The refugee crisis is a mess and all countries need to lend a hand. Some countries are choosing to close up shop. These folks are in need, but there are so many that the burden of help and eventually welcoming to their new homes has to be spread around. There are some Middle East counties that have exhausted all resources to help, even with financial support. There are others who could pick up some slack. But, the reasons they are leaving have to be dealt with and that is hard. I am hopeful that productive discussions can emerge from the larger powers to determine some path forward as it is a conundrum, yet it cannot continue.

Pope Francis, the most respected leader on the planet today, is coming to America. He brings his important and on-point message that we must focus on our global poverty and climate change problems.
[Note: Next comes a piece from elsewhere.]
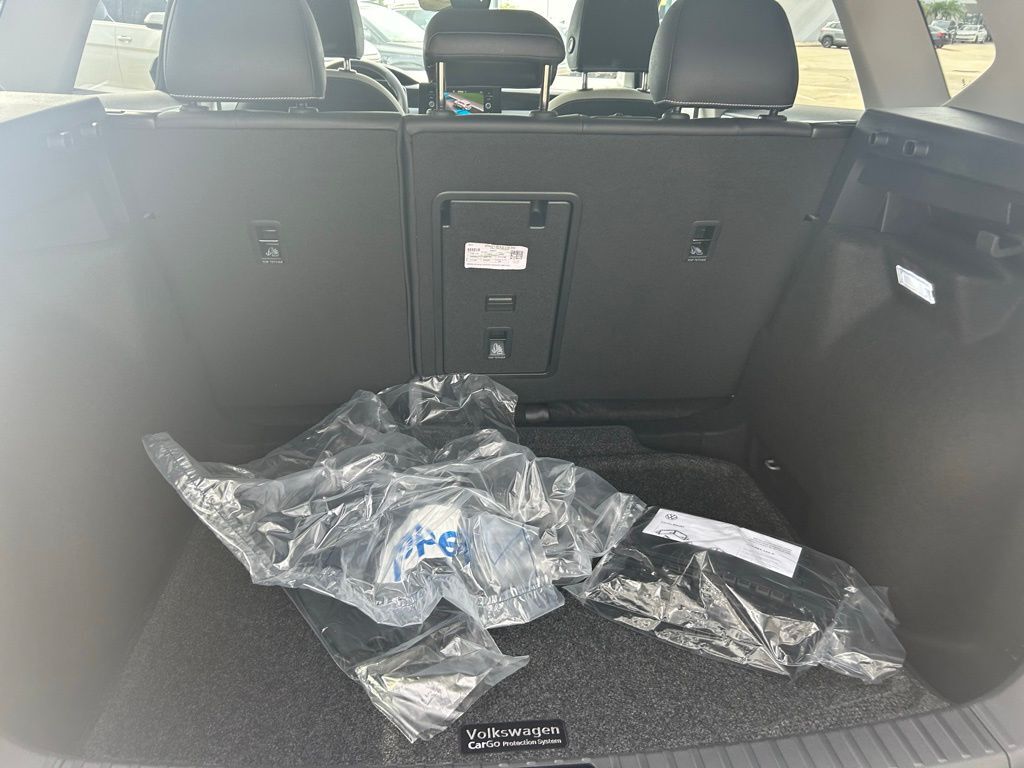 2025 Volkswagen Taos 1.5T SE Tampa FL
He correctly notes the latter affects everyone, but especially the poor who tend to live in areas that are more susceptible to environmental concerns. I wrote a post recently about all the issues being related. These two issues are exacerbated by global corruption in leadership, even in America, and the maltreatment and undervaluing of women. We must treat women better for their own sake, but also for the sake of commerce, innovation and leadership.

I mention this last point in that it is not unusual to find women in important roles in the world. Angela Merkel, the prime minister of Germany is one of the strongest and most respected leaders on the planet. Christine LaGarde is the managing director of the International Monetary Fund. Janet Yellin is the Chairperson of the US Federal Reserve. Park Geun-hye is the current president of South Korea. And, the US has had many notable female Secretaries of State such as Madeleine Albright, Condoleeza Rice and Hillary Clinton. It also took a bipartisan group of female senators to end a government shutdown led by Ted Cruz in 2013, who threatens to do it again. Note to Cruz, give it a rest.

I hope we listen more to this Pope and the voices of women in leadership positions. We have many issues in the world, yet we need to talk about them more in a reasonable way. We men tend to compete more in the game of politics, meaning I must win and you must lose. Yet, in that kind of game, we all end up losing. Watching this debate the other night was evidence of that as the real problems of America and the planet were not discussed much at all. And, that is a problem for us all.